The discussion was frequently heated with a passion and exhaustion underpinning much of what was said, perhaps inevitable nearing the end of a week requiring an unsustainable amount of attentiveness and emotional/ intellectual/practical output from all of the facilitators; a micro example of the normal professional realities for community producers. It is well known phenomena that burnout of key individuals is the plague of all community groups across the board, threatening the continuity of all long-term projects. The current National government’s unsustainable leveraging of volunteer labour and charitable groups to pick up the slack in community care in a more general sense is, or in my view should be, part of the broader contextual conversation.

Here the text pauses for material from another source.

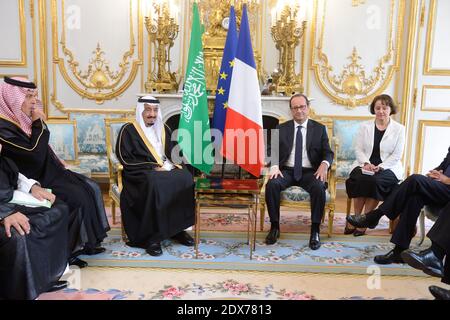 Il principe ereditario dell'Arabia Saudita Salman bin Abdul Aziz al-Saud e Francois Hollande. Il presidente francese Francois Hollande accoglie il principe ereditario dell'Arabia Saudita Salman bin Abdul Aziz al-Saud al Palazzo Elysee. Parigi, Francia, 1 settembre 2014. Foto di Witt/ piscina/ ABACAPRESS.COM Foto Stock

Richard Bartlett,with a light but effective hand and a stroke of brilliance turned the conversation. It was threatening to become a producers’ lament fest at the inherent unfairness of suits (aka: THEM) who consistently fail to understand the value of their altruistic sacrifice and potentially unwarranted cars (cars without warrants being a placeholder for financial insufficiency that already has a unacknowledged blindspot, assuming as it does that people have cars). He turned it back to the core value system of the project as a whole: the New Brighton community. All of the locals (defined as people who resided or invested time into New Brighton) present spoke in turn, introducing their various roles, investments, losses and experiences in their community. The humility, honesty, indomitability and quiet fortitude expressed was genuinely a humbling and moving experience.

During this entire conversation a drummers’ circle had occupied Te Ao Marama nearby, so the intensity of the conversation was against a soundtrack and backdrop of a handover that was already in progress, foreshadowing the moment of TEZA leaving and the New Brighton creative quarter reverting to its next iteration.

Sunday was a gentler affair. In the morning the artists were quieter and spent and the mood reflective. Bags were already packed and departure times discussed while the new BBQ was assembled for the launch of Kerry Anne Lee and Kim Lowe’s epic labour producing Alternating Currents: New Brighton, self-described as an open-sourced collaborative zine. Lee didnt sleep the night before. Impressively none of this showed when she addressed the packed tent of people who arrived. Another example of the hidden and often debilitating donation of labour in community projects.

The last creative summit “Putting the New in New Brighton” completed the handover process. There were very few present who did not speak. The conversation was occasionally tearful and often moving, but also concrete. By explicit design the presenters were all local producers. While I was not present at the beginning of the project, I’m willing to suggest that it was a conversation that would not have been possible at the beginning of the week. The room was full of the active cultural producers of New Brighton, those with institutional affiliations and those without, and everyone now knew each others names. This fact alone speaks to the range that TEZA accomplished in its goal to be effective and establish a genuine reach, as an human expression of lasting warmth and as a project with both agency and critical traction.